Task input:
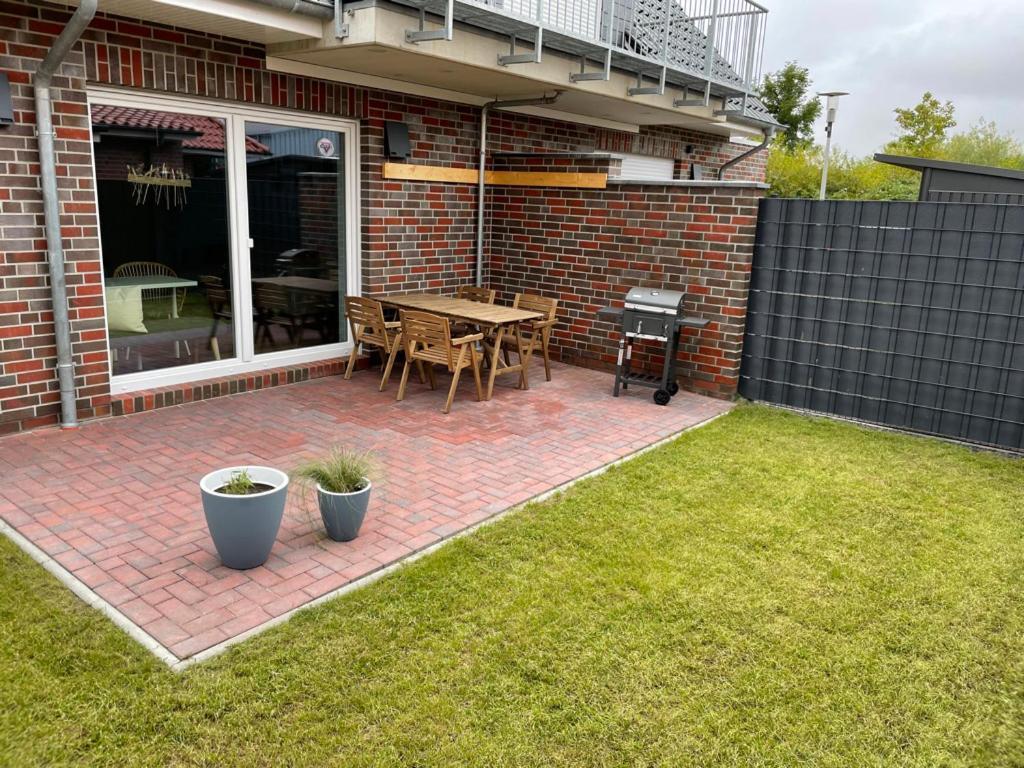 Fewo Lieblingsort Norddeich Exteriör bild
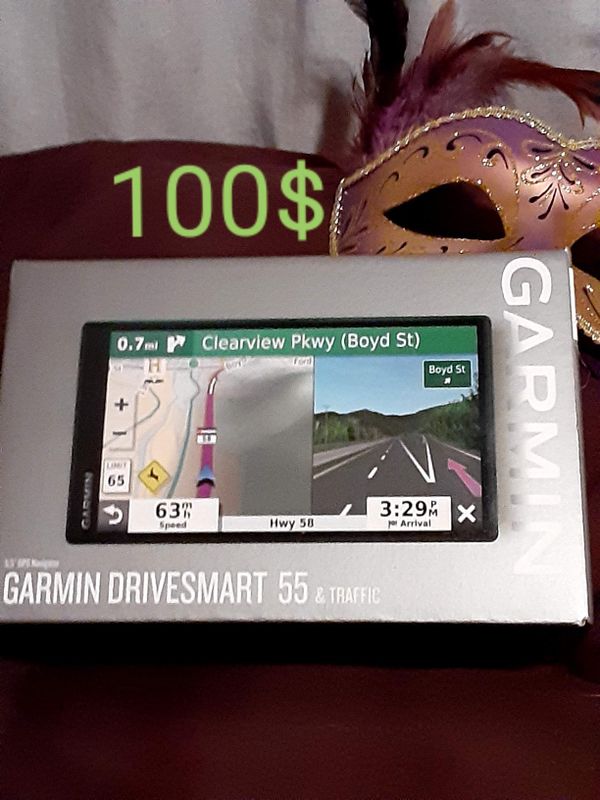 garmin smartdrive 55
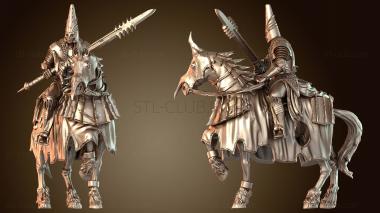 3D модель Кавалерийский дворянин-раскаянник (STL)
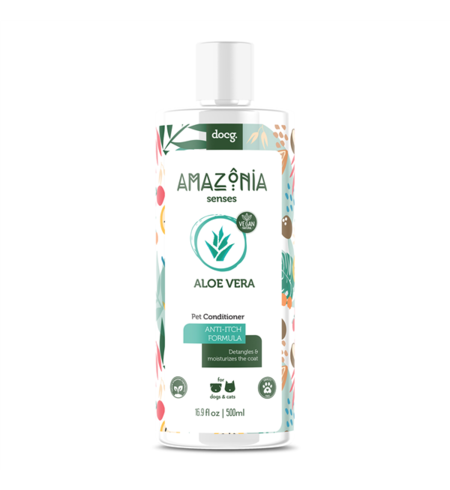 Amazonia Senses Aloe Vera Conditioner 500ml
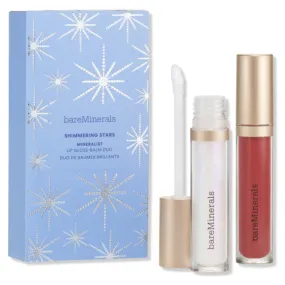 Bare Minerals Shimmering Stars Mineralist Lip Gloss-Balm Duo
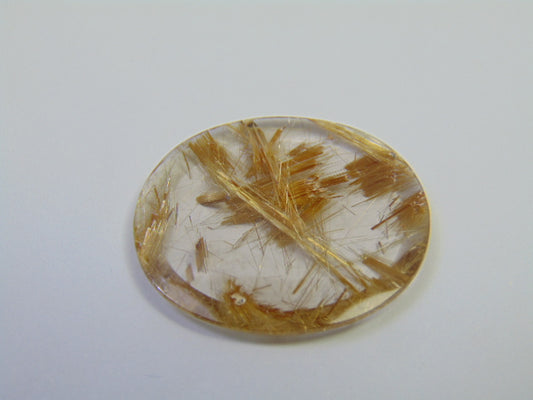 31.30ct Rutile 33x28mm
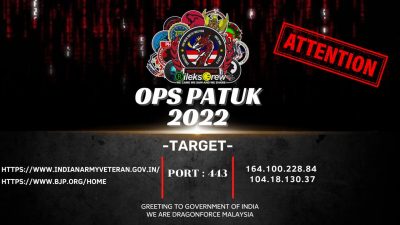 OpsPatuk DDOS Attack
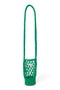 Macramé Bottle Bag | Green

Work request: Give every record again without changing a word. Exclude the pictures.

Solution for this problem:
 Fewo Lieblingsort Norddeich Exteriör bild
 garmin smartdrive 55
 3D модель Кавалерийский дворянин-раскаянник (STL)
 Amazonia Senses Aloe Vera Conditioner 500ml
 Bare Minerals Shimmering Stars Mineralist Lip Gloss-Balm Duo
 31.30ct Rutile 33x28mm
 OpsPatuk DDOS Attack
 Macramé Bottle Bag | Green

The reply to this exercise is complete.